[Records drawn from a dataset]
↓↓↓

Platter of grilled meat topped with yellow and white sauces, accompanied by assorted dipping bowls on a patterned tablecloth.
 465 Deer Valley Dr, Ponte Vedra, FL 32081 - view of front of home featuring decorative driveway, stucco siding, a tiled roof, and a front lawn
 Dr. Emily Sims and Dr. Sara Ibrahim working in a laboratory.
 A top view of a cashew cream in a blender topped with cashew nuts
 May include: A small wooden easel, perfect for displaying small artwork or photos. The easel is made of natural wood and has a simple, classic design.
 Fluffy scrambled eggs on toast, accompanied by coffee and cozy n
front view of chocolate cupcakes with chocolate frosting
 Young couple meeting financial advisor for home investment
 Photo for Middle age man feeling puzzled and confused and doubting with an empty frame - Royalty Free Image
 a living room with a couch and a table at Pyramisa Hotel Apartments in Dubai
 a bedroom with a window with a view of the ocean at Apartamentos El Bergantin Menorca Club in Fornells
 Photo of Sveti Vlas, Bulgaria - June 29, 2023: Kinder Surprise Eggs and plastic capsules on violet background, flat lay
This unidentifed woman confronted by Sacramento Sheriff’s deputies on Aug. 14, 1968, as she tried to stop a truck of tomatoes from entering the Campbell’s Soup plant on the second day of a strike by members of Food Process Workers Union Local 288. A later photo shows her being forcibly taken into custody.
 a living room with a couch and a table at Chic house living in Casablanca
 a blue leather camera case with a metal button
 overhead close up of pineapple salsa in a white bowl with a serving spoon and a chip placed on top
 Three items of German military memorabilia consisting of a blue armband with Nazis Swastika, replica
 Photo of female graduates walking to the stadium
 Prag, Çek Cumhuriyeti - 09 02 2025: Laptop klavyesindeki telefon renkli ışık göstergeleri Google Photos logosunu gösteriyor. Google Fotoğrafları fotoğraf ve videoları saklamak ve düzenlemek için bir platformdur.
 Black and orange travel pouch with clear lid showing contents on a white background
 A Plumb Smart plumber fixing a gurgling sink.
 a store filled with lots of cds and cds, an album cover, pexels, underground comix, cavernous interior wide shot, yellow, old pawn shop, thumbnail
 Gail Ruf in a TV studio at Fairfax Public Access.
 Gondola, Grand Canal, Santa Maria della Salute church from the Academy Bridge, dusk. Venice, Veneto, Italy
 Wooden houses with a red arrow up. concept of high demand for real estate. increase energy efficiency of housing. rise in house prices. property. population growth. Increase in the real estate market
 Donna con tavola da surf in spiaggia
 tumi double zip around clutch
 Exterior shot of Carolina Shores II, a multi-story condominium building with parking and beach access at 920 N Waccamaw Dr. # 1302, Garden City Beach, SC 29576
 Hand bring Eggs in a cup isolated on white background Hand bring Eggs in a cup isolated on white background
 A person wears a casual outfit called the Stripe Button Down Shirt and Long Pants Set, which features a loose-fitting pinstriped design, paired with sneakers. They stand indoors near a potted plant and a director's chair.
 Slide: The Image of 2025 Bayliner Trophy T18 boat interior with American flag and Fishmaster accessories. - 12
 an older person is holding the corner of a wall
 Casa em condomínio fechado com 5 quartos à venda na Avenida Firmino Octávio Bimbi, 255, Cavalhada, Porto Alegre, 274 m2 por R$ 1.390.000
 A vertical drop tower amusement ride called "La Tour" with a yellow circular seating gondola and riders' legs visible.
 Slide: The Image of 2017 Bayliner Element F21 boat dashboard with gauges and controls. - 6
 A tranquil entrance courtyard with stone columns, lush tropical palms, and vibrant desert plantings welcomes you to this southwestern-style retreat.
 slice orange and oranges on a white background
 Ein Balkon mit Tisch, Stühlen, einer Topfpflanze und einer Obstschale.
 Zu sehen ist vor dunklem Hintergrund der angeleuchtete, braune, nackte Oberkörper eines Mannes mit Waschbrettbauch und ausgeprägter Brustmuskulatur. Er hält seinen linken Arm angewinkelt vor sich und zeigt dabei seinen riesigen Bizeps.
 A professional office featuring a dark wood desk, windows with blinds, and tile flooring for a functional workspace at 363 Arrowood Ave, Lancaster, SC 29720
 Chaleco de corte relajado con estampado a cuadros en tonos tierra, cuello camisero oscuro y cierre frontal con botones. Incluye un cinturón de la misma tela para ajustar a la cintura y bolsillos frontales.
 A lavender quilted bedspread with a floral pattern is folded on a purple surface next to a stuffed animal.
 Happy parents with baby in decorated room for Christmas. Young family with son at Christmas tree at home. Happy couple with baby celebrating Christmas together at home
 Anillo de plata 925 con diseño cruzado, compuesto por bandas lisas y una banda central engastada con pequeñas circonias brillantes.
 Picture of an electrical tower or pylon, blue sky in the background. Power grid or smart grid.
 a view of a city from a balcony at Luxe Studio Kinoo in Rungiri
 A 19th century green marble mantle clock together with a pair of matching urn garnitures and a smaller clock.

↑↑↑

## Task statement
An exact copy of every line above, start to finish, is required.

## Response to the task
Platter of grilled meat topped with yellow and white sauces, accompanied by assorted dipping bowls on a patterned tablecloth.
 465 Deer Valley Dr, Ponte Vedra, FL 32081 - view of front of home featuring decorative driveway, stucco siding, a tiled roof, and a front lawn
 Dr. Emily Sims and Dr. Sara Ibrahim working in a laboratory.
 A top view of a cashew cream in a blender topped with cashew nuts
 May include: A small wooden easel, perfect for displaying small artwork or photos. The easel is made of natural wood and has a simple, classic design.
 Fluffy scrambled eggs on toast, accompanied by coffee and cozy n
front view of chocolate cupcakes with chocolate frosting
 Young couple meeting financial advisor for home investment
 Photo for Middle age man feeling puzzled and confused and doubting with an empty frame - Royalty Free Image
 a living room with a couch and a table at Pyramisa Hotel Apartments in Dubai
 a bedroom with a window with a view of the ocean at Apartamentos El Bergantin Menorca Club in Fornells
 Photo of Sveti Vlas, Bulgaria - June 29, 2023: Kinder Surprise Eggs and plastic capsules on violet background, flat lay
This unidentifed woman confronted by Sacramento Sheriff’s deputies on Aug. 14, 1968, as she tried to stop a truck of tomatoes from entering the Campbell’s Soup plant on the second day of a strike by members of Food Process Workers Union Local 288. A later photo shows her being forcibly taken into custody.
 a living room with a couch and a table at Chic house living in Casablanca
 a blue leather camera case with a metal button
 overhead close up of pineapple salsa in a white bowl with a serving spoon and a chip placed on top
 Three items of German military memorabilia consisting of a blue armband with Nazis Swastika, replica
 Photo of female graduates walking to the stadium
 Prag, Çek Cumhuriyeti - 09 02 2025: Laptop klavyesindeki telefon renkli ışık göstergeleri Google Photos logosunu gösteriyor. Google Fotoğrafları fotoğraf ve videoları saklamak ve düzenlemek için bir platformdur.
 Black and orange travel pouch with clear lid showing contents on a white background
 A Plumb Smart plumber fixing a gurgling sink.
 a store filled with lots of cds and cds, an album cover, pexels, underground comix, cavernous interior wide shot, yellow, old pawn shop, thumbnail
 Gail Ruf in a TV studio at Fairfax Public Access.
 Gondola, Grand Canal, Santa Maria della Salute church from the Academy Bridge, dusk. Venice, Veneto, Italy
 Wooden houses with a red arrow up. concept of high demand for real estate. increase energy efficiency of housing. rise in house prices. property. population growth. Increase in the real estate market
 Donna con tavola da surf in spiaggia
 tumi double zip around clutch
 Exterior shot of Carolina Shores II, a multi-story condominium building with parking and beach access at 920 N Waccamaw Dr. # 1302, Garden City Beach, SC 29576
 Hand bring Eggs in a cup isolated on white background Hand bring Eggs in a cup isolated on white background
 A person wears a casual outfit called the Stripe Button Down Shirt and Long Pants Set, which features a loose-fitting pinstriped design, paired with sneakers. They stand indoors near a potted plant and a director's chair.
 Slide: The Image of 2025 Bayliner Trophy T18 boat interior with American flag and Fishmaster accessories. - 12
 an older person is holding the corner of a wall
 Casa em condomínio fechado com 5 quartos à venda na Avenida Firmino Octávio Bimbi, 255, Cavalhada, Porto Alegre, 274 m2 por R$ 1.390.000
 A vertical drop tower amusement ride called "La Tour" with a yellow circular seating gondola and riders' legs visible.
 Slide: The Image of 2017 Bayliner Element F21 boat dashboard with gauges and controls. - 6
 A tranquil entrance courtyard with stone columns, lush tropical palms, and vibrant desert plantings welcomes you to this southwestern-style retreat.
 slice orange and oranges on a white background
 Ein Balkon mit Tisch, Stühlen, einer Topfpflanze und einer Obstschale.
 Zu sehen ist vor dunklem Hintergrund der angeleuchtete, braune, nackte Oberkörper eines Mannes mit Waschbrettbauch und ausgeprägter Brustmuskulatur. Er hält seinen linken Arm angewinkelt vor sich und zeigt dabei seinen riesigen Bizeps.
 A professional office featuring a dark wood desk, windows with blinds, and tile flooring for a functional workspace at 363 Arrowood Ave, Lancaster, SC 29720
 Chaleco de corte relajado con estampado a cuadros en tonos tierra, cuello camisero oscuro y cierre frontal con botones. Incluye un cinturón de la misma tela para ajustar a la cintura y bolsillos frontales.
 A lavender quilted bedspread with a floral pattern is folded on a purple surface next to a stuffed animal.
 Happy parents with baby in decorated room for Christmas. Young family with son at Christmas tree at home. Happy couple with baby celebrating Christmas together at home
 Anillo de plata 925 con diseño cruzado, compuesto por bandas lisas y una banda central engastada con pequeñas circonias brillantes.
 Picture of an electrical tower or pylon, blue sky in the background. Power grid or smart grid.
 a view of a city from a balcony at Luxe Studio Kinoo in Rungiri
 A 19th century green marble mantle clock together with a pair of matching urn garnitures and a smaller clock.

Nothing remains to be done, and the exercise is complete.